Africa is currently home to bushbabies and lorises, which are both lemur relatives, but most of lemur evolution and diversification took place in Madagascar, the island nation where all of the world’s 100 species of lemurs live today. “New World monkeys,” meanwhile, are found in South America. How did lemurs and monkeys get from Africa—which was at the time completely surrounded by water—to where they live today? Both groups are believed to have crossed open ocean on rafts of plant material.
Scientists have direct evidence of modern animals rafting across bodies of water, and they believe that ancient lemur and monkey ancestors reached new land masses that way, too. Mangrove systems, adapted to ever-changing coastal conditions, are particularly prone to forming rafts that break away during storms. Animals that are on the plants when that happens can end up far from home. Not all of them survive, but those that do can shape the history of life on earth.
“Given enough time and enough unfortunate primates,” Borths said, “eventually you get one of these rafts that goes across the Mozambique Channel” and reaches Madagascar. Madagascar has been isolated since the time of the dinosaurs, and most of its species are endemic, meaning they are found nowhere else on earth. When lemur ancestors reached the island, they diversified into dozens of species filling different ecological niches. A similar process led to the evolution of New World monkeys in South America.
Some of the species in this case went extinct within the past few centuries.
The history of primate evolution is still a work in progress. The Duke Lemur Center Museum of Natural History seeks to fill in some of the gaps in our knowledge through research on both living lemurs and primate fossils. This museum, Borths said, “brings basically all of primate evolution together in one building.” Meanwhile, living lemurs at the Lemur Center can help researchers understand how primate diets relate to teeth morphology, for example.

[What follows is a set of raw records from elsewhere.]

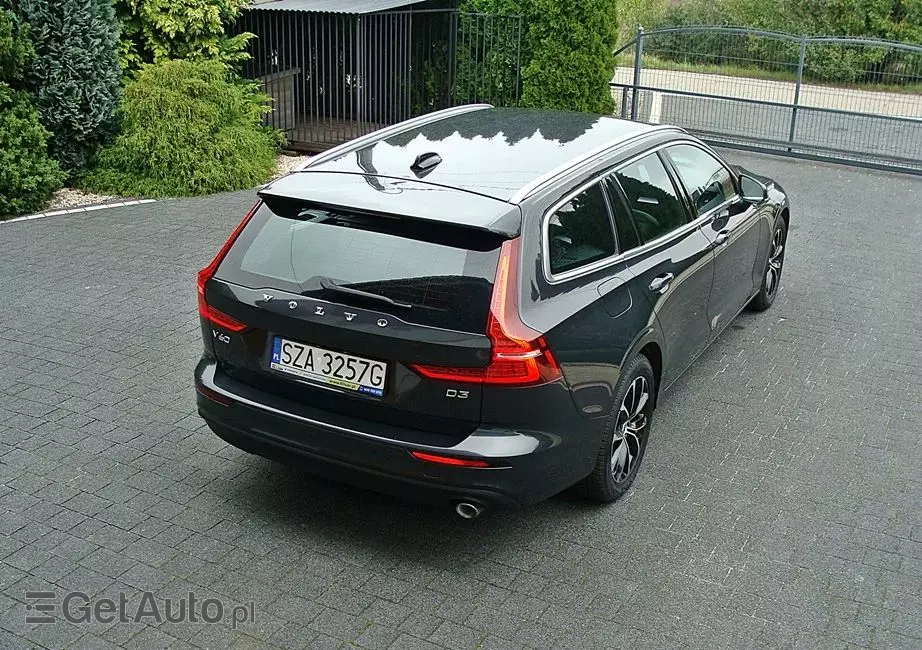 VOLVO V60 D3 Momentum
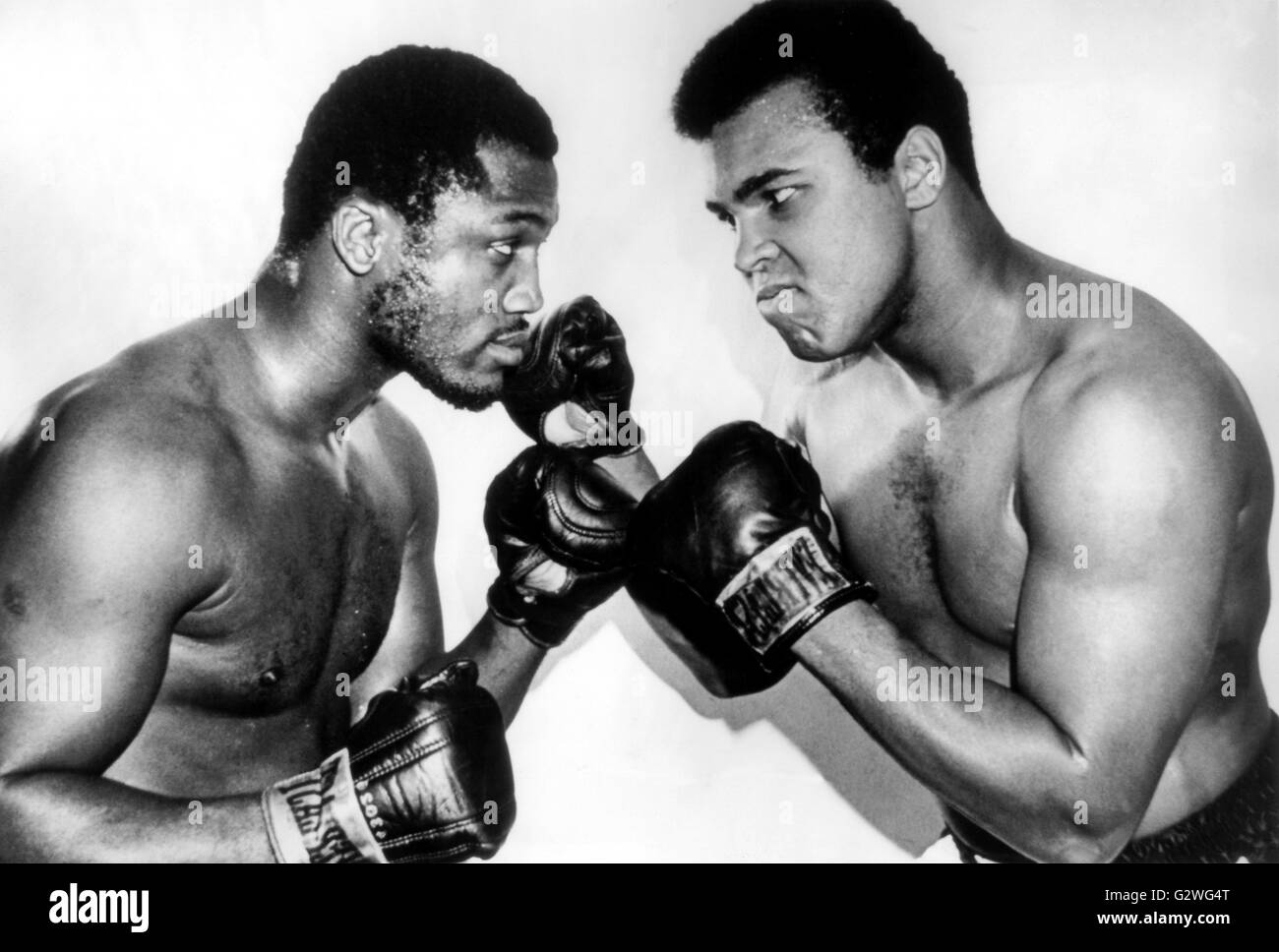 FILE - un file non datata immagine ci mostra a heavyweight boxer Muhammad Ali (R) e Joe Frazier (L) in posa di inizio 1971. Nato Cassio argilla, boxe leggenda Muhammad Ali, soprannominato 'il più grande, ' morì il 03 giugno 2016 a Phoenix, Arizona, Stati Uniti d'America, all'età di 74, una famiglia portavoce ha detto. Foto: dpa Foto Stock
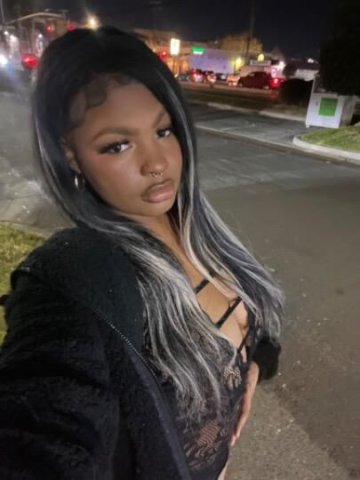 BIG Lip💋AAIA BIG Titty🍒 MAMA TO MAKE YOUR WISHES COME TRUE 😘HAPPY HOLIDAYS BABY I GOT DEALS 🍫 BIG TITTY AAIA DADDY - 1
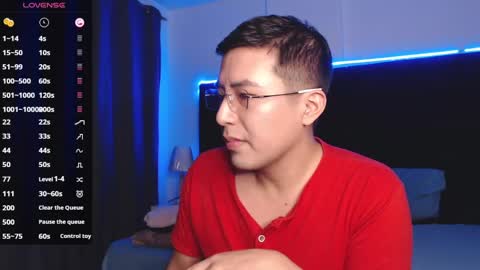 Snapshot of andrewmhilton_ chatting on March 5, 2:03 am andrewmhilton_ online show from March 5, 2:03 am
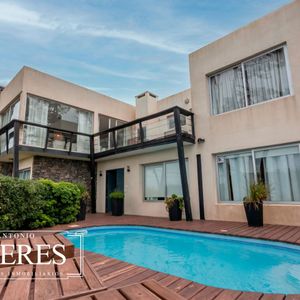 Venta ,casa ,6 Dormitorios ,montoya, C/piscina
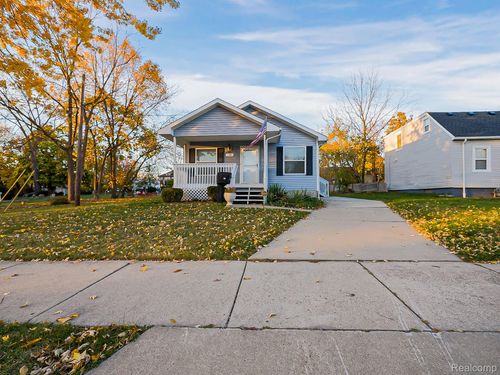 49 Oakhill St, Pontiac, MI, 48342-2327 | Card Image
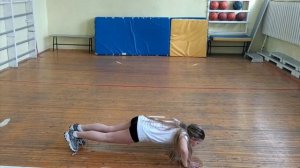 Сгибание и разгибание рук (в стороны) в упоре лежа 1-2класс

Paleontology is the study of fossils, but what exactly is a fossil? The word “fossil,” Borths said, originally referred to anything found in the ground. Over time, it came to mean something organic that turns to stone. Some ancient organisms are not fully fossilized. They can still preserve bone tissue and even proteins, evidence that they have not yet transformed completely into stone. The current definition of a fossil, according to Borths, is “anything from a living organism that is older than 10,000 years old.” Specimens younger than that are called subfossils.
Fossil Preparator Karie Whitman in the Duke Lemur Center Museum of Natural History. The grooves in the stones are made by air scribe tools, which are used to separate fossils from surrounding rock.
The Lemur Center does important research on fossils, but that is not the only component of its mission. Education Programs Manager Megan McGrath said that the Lemur Center weaves together research, conservation, and education in an “incredibly unique cocktail” that “all forms a feedback loop.” McGrath and Borths also co-host a Duke Lemur Center podcast.
Conservation is a crucial component of the study of lemurs. Lemurs are the most endangered mammals on the planet, and some are already gone.
Human and wildlife survival are interlinked in complex ways, and conservation solutions must account for the wellbeing of both. Subsistence agriculture and other direct human activities can decimate ecosystems, but extinctions are also caused by broader issues like climate change, which threatens species on a global scale. Humanity’s impact on Madagascar’s wildlife over the last several thousand years is a “really complicated puzzle to tease apart,” McGrath said.
A display case in the museum, including an egg from the extinct elephant bird and a seed from a mousetrap tree. The mousetrap tree relies on large animals to disperse its seeds. That role was once filled by now-extinct species like the elephant bird. Now humans and cattle disperse the seeds instead.
Some of the museum’s specimens are truly ancient, but others are from modern animals or species that went extinct only recently. Giant elephant birds roamed Madagascar as recently as a thousand years ago. The sloth lemur may have survived until 400 years ago. Borths puts the timescale of recent extinctions into perspective. At a time when modern species like the white-tailed deer were already roaming North America, Madagascar was still home to creatures like sloth lemurs and ten-foot elephant birds.
A model of a sloth lemur skeleton (center, hanging from branch). Sloth lemurs lived in Madagascar until they went extinct about 400 years ago.
A model of a sloth lemur hangs in the museum, but no one alive has ever seen one breathing. No one will ever see or hear one again. But a ghost of it may exist in Malagasy stories about the tretretre, a monster that was said to have long fingers and a short tail. The word tretretre is thought to be an onomatopoeia of the call of a sloth lemur, an animal whose own voice is gone forever.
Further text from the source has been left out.